I wanted to be nurtured. This
might seem simplistic because this is what we do for our small
children--we feed them when they’re hungry, we stop what we are doing
to care for them when they are tired or hurt.
The challenge is to maintain this kind of conscious, organic,
interactive relationship with children as they grow older.
It becomes more difficult as their interests challenge our
notions of what “should” be taking place. The
time frame for the end of the nurturing environment for most children
and the beginning of demands varies.
Often this cut-off point for meeting the child where they are is
with potty training. Until
then, life is generally a safe learning environment.
These tiny beings learn to talk and walk, the two most difficult
things a human being can undertake, all without specific instruction
whatsoever other than our model. All
they do is watch us and imitate. Suddenly
one day something puzzling is demanded of them.
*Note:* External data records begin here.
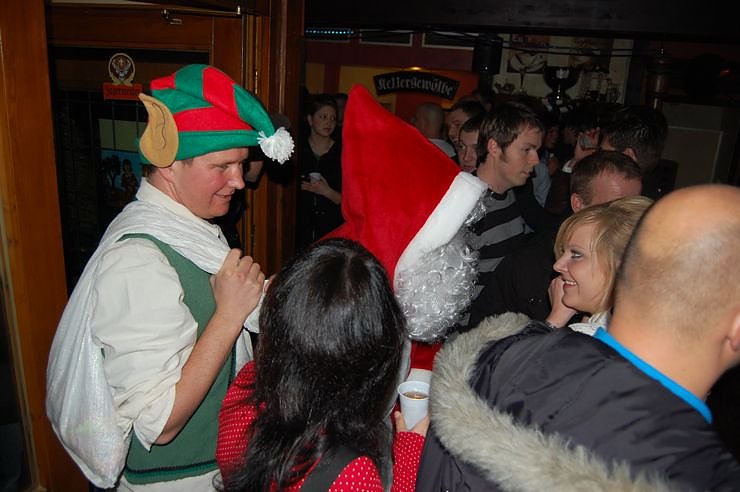 Weihnachtsparty im Amelie. NNZ-City Scout on Tour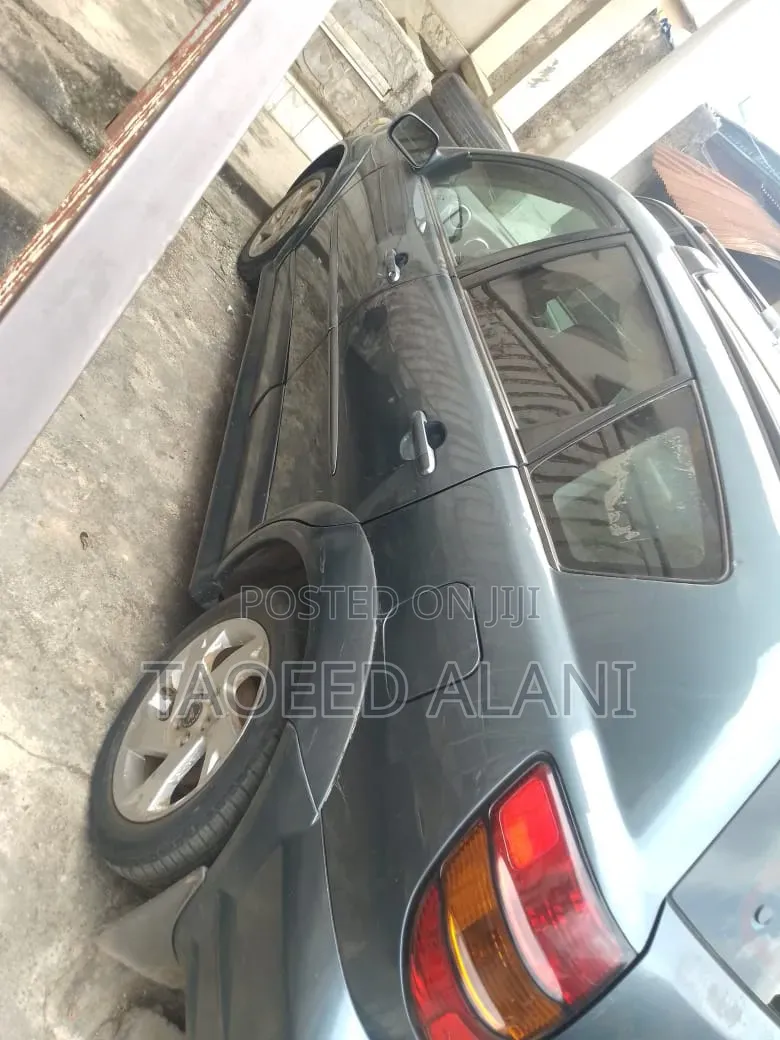 Pontiac Vibe 2005 Green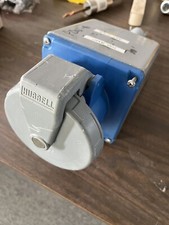 Hubbell HBL4100R9W Pin y funda IEC Receptáculo 100 A 250V Azul con caja trasera segunda mano  Embacar hacia Mexico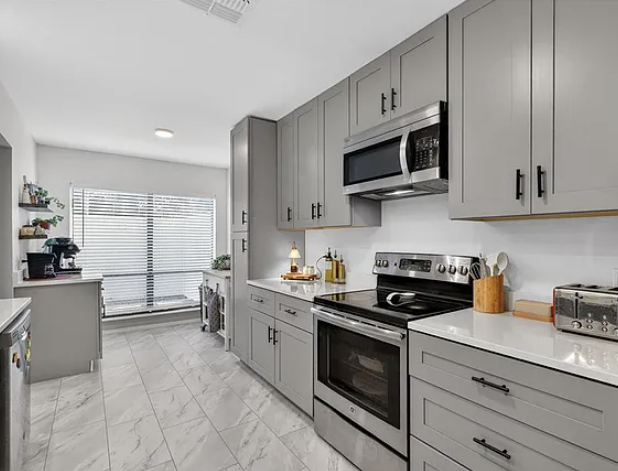 4416 Dunwoody Pl - Photo 5 of 19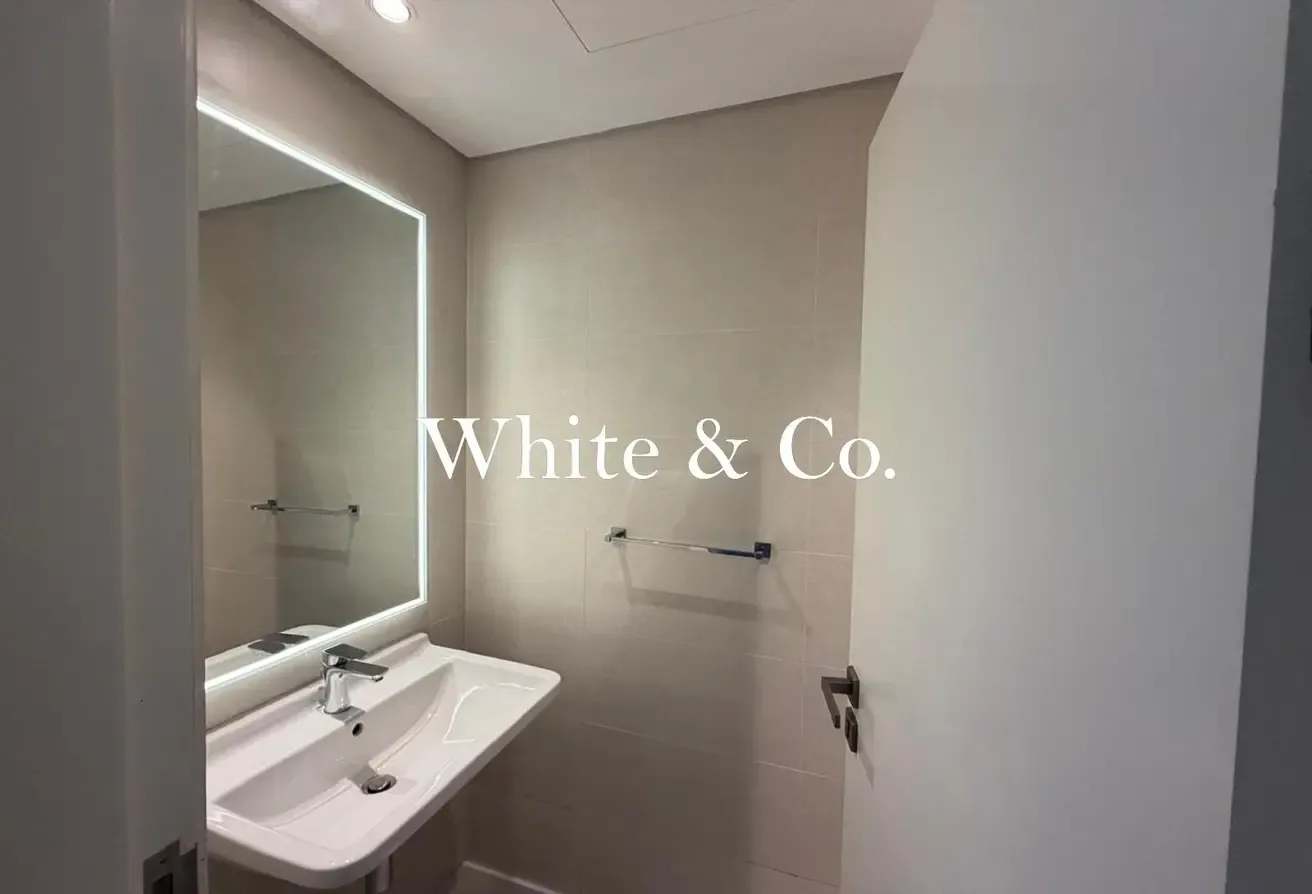 Vacant | Close to Amenities | Large Layout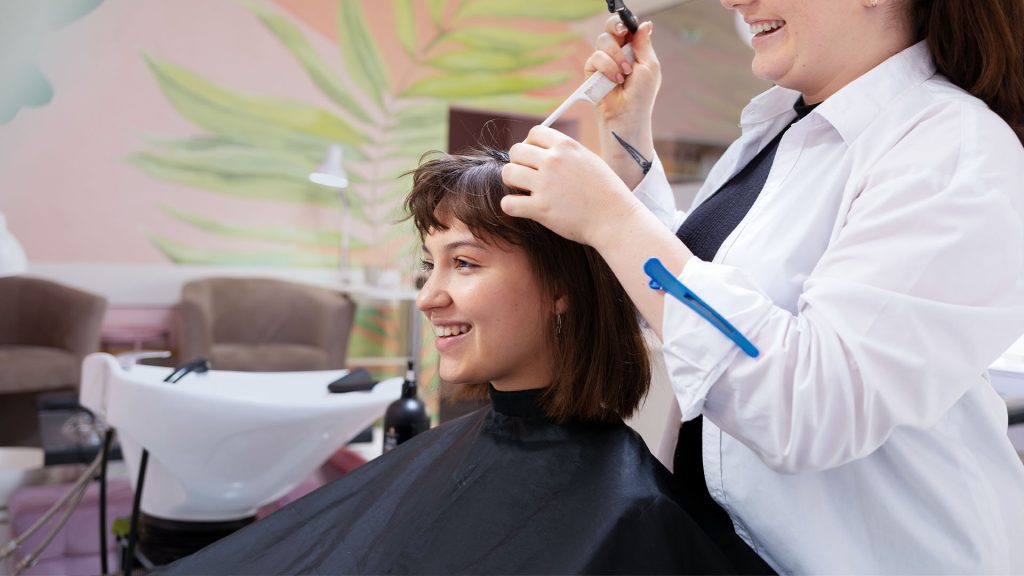 Marketing Digital para Salão de Beleza: O Guia Definitivo para Dominar o Mercado Local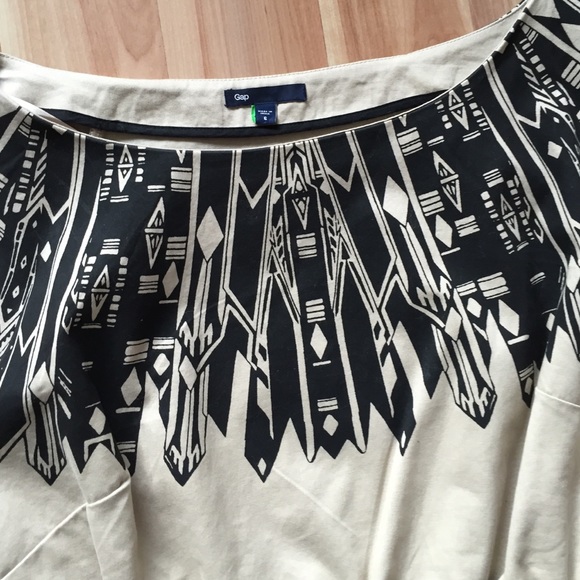 Limited edition GAP dress - Picture 2 of 3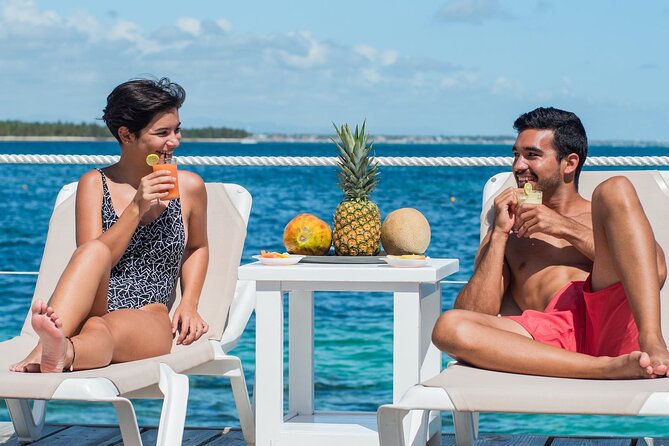 Reef Explorer Half Day Trip - 15-minute stone or shell massage plus health-bar snacks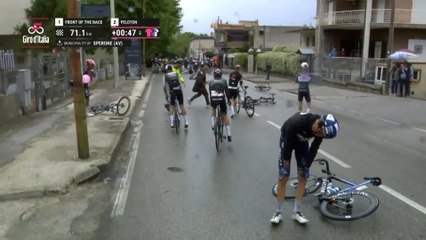 La lluvia provoca una caída múltiple en el pelotón: Hindley no puede seguir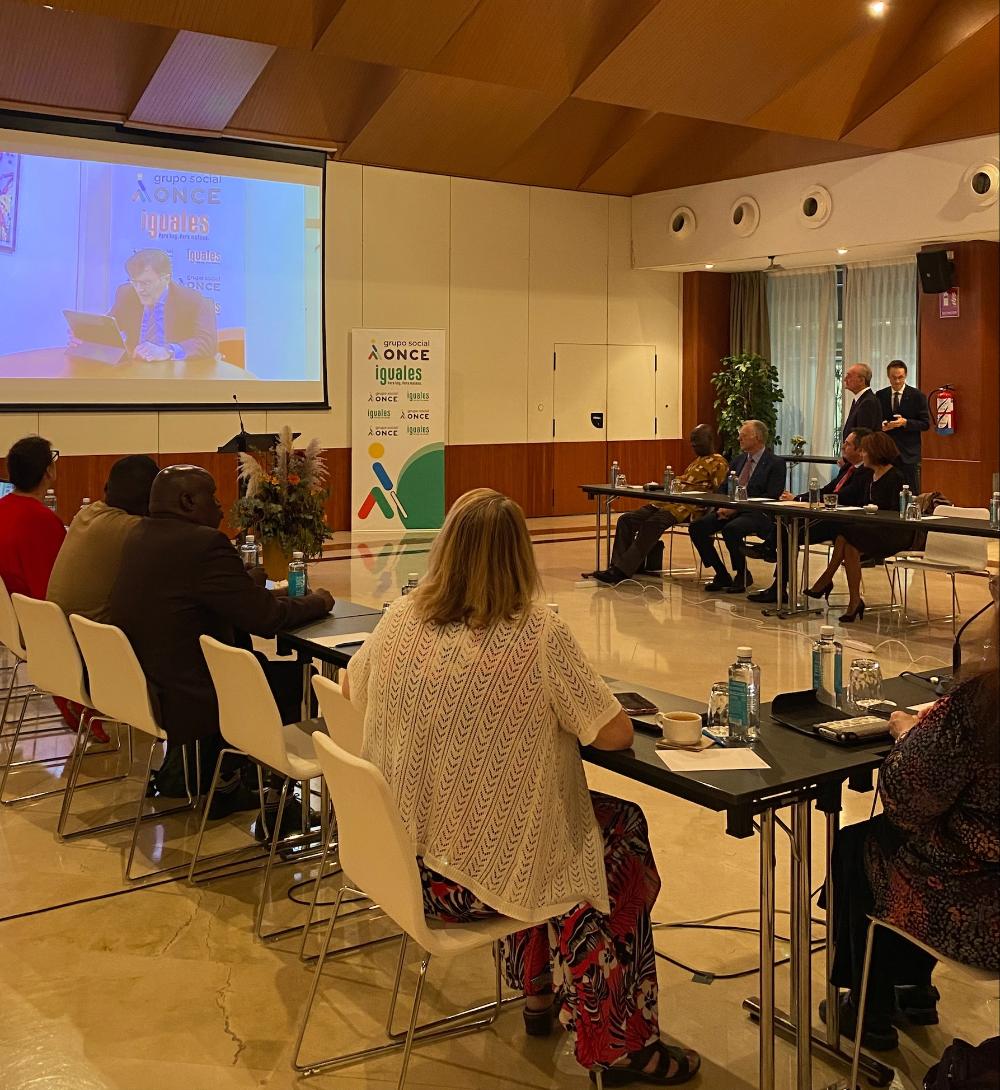 Reunión de una de las comisiones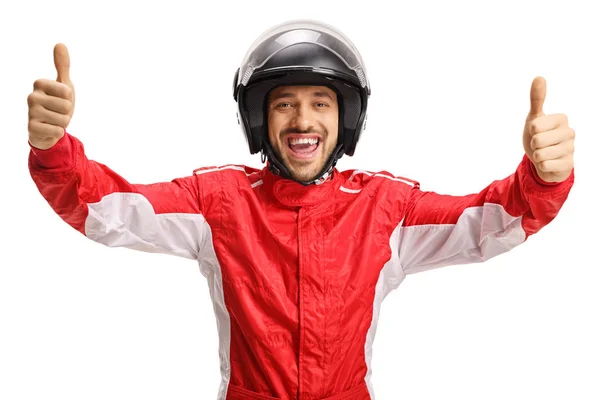 Веселий гонщик з шоломом, що показує обидва великі пальці вгору — стокове фото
We can stop wondering why a two year-olds’ favorite word is
“no.” They are big
enough to start getting into things and suddenly the world is no longer
their matrix of nurture, but a demanding force that they learn to use a
toilet. It’s no surprise
that they respond in kind. In
truth, some parents are relaxed about potty training, so the home as a
nurturing environment continues until the child is older, but it almost
always ends by school age. For
instance, my husband distinctly recalls his father’s abuse coming
alive when he was seven years old. Until
then, he was clearly under his mother’s domain, where he was cared for
and somewhat free. There’s
no saying exactly why this is so, but for whatever reason, his Dad had
probably been conditioned to believe that at that age, a boy is no
longer a child but an extension of his father and should behave in a way
that makes father look good. War
was declared on his childhood and suffering ensued. Not
surprisingly, my husband began a painful struggle with our son when he
turned seven. It was a
tumultuous few years between my husband and I, because it was easy for
me to see that sudden demands and controls were unnecessary and I simply
couldn’t allow it. My
husband was forced to face these demons of conditioning that had been
handed him. I’m happy to
report that he was successful and their relationship is intact.
I
remember a friend telling me that in the Seventies his father had
declared war on his long hair. Anyone
can see now how ridiculous that is, but at the time it was serious
business. The thing is, if
we declare war on our children, they will acquiesce and they are
guerillas. They’re the
weaker underdogs who will fight any way they must for emotional
survival, just like the Irish fought and the Iraqis fight for their own
sovereignty. We must be the
peacemakers, the mature adults. If
we’re waiting for our children to do the job, it will never happen. At
whatever time, almost all of us come to a point as parents where we
think that the home should cease to be a place of nurture and begin to
initiate force on the child “for his own good.”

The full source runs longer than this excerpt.